Rossini's Tancredi has both tragic and happy endings, but hard to find the happy ending. The CD set with Eva Mei has both.


----------



## Marinera (May 13, 2016)

Sloe said:


> I think originally it had an unhappy ending but he had to change it because at that time operas were expected to have happy endings.


Yes, that's right and one of the reasons I like it so much.

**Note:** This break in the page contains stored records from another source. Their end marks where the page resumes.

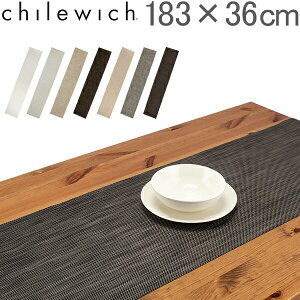 `EBb` Chilewich e[ui[ 183×36cm ~joXPbgEB[u  100133 Mini Basketweave Runner y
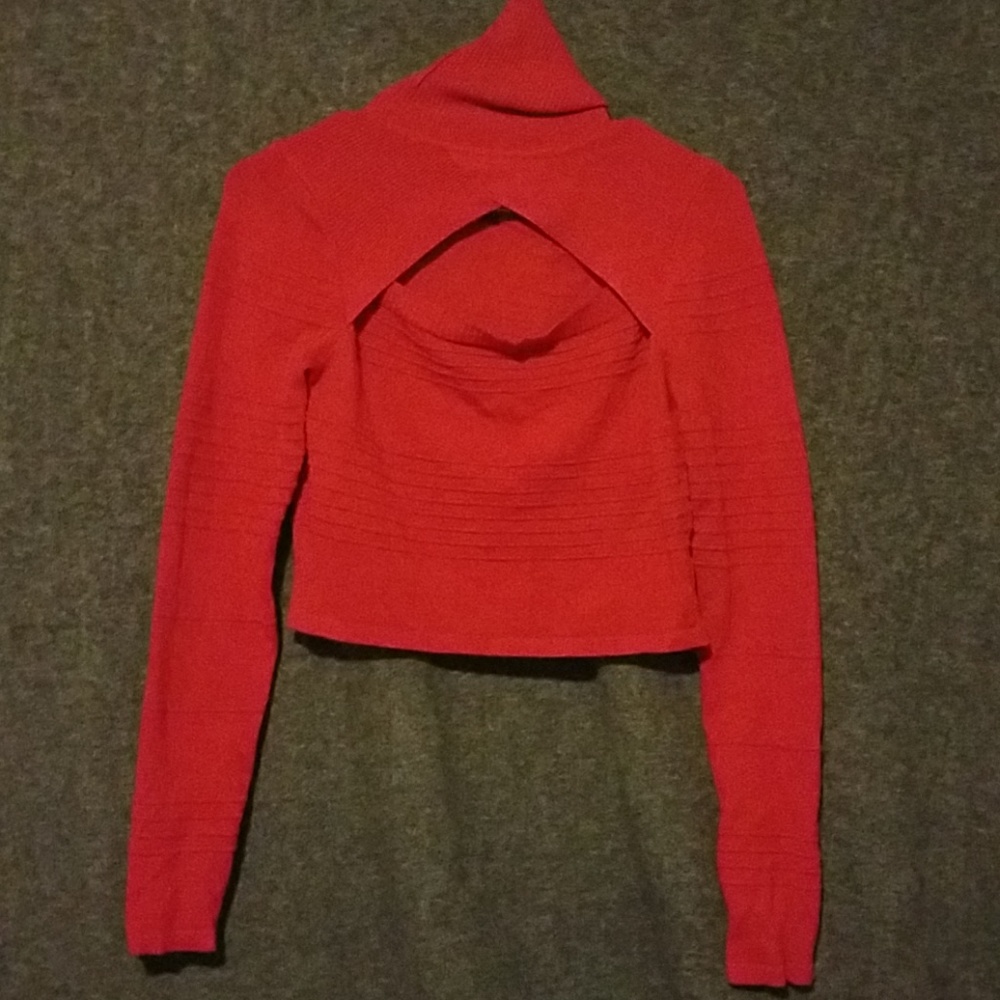 Derek Heart Sweater and Skirt Set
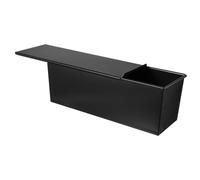 DOITOOL Moule à Grillé Grand Moule à Moule à Pain En Acier Inoxydable Moules à Pain Pour La Cuisson Du Plaque De Cuisson Pullman Boîte à En Métal Plat à Divers Poêle En Fonte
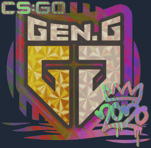 Sticker | Gen.G (Holo) | 2020 RMR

There's another baroque opera - Rameau's Hippolyte et Aricie that ends well too. Some major strife here too, but no romantic betrayal between Hippolyte et Aricie; some sordid going-ons with Hyppolytus' step mother, but that particular spot of trouble's is caused by one vengefull goddess, and that's the conflict driving the plot. H&A are loyal, faithfull and morally wholesome characters that get their happily-ever-after.


----------



## Mahlerite555 (Aug 27, 2016)

All you need is love by The Beatles.


----------



## Woodduck (Mar 17, 2014)

Xaltotun said:


> The second I saw this one, I was going to write a rant about IT'S NOT ROMANTIC IF IT'S UNPROBLEMATIC IN THE REAL WORLD BECAUSE ROMANTIC LOVE REACHES FOR INFINITY BLAA BLAA but then I realized I had already done that two years ago.


Still unlucky in love, eh?


----------



## Pugg (Aug 8, 2014)

Mahlerite555 said:


> All you need is love by The Beatles.


You mean : Love is in the air


----------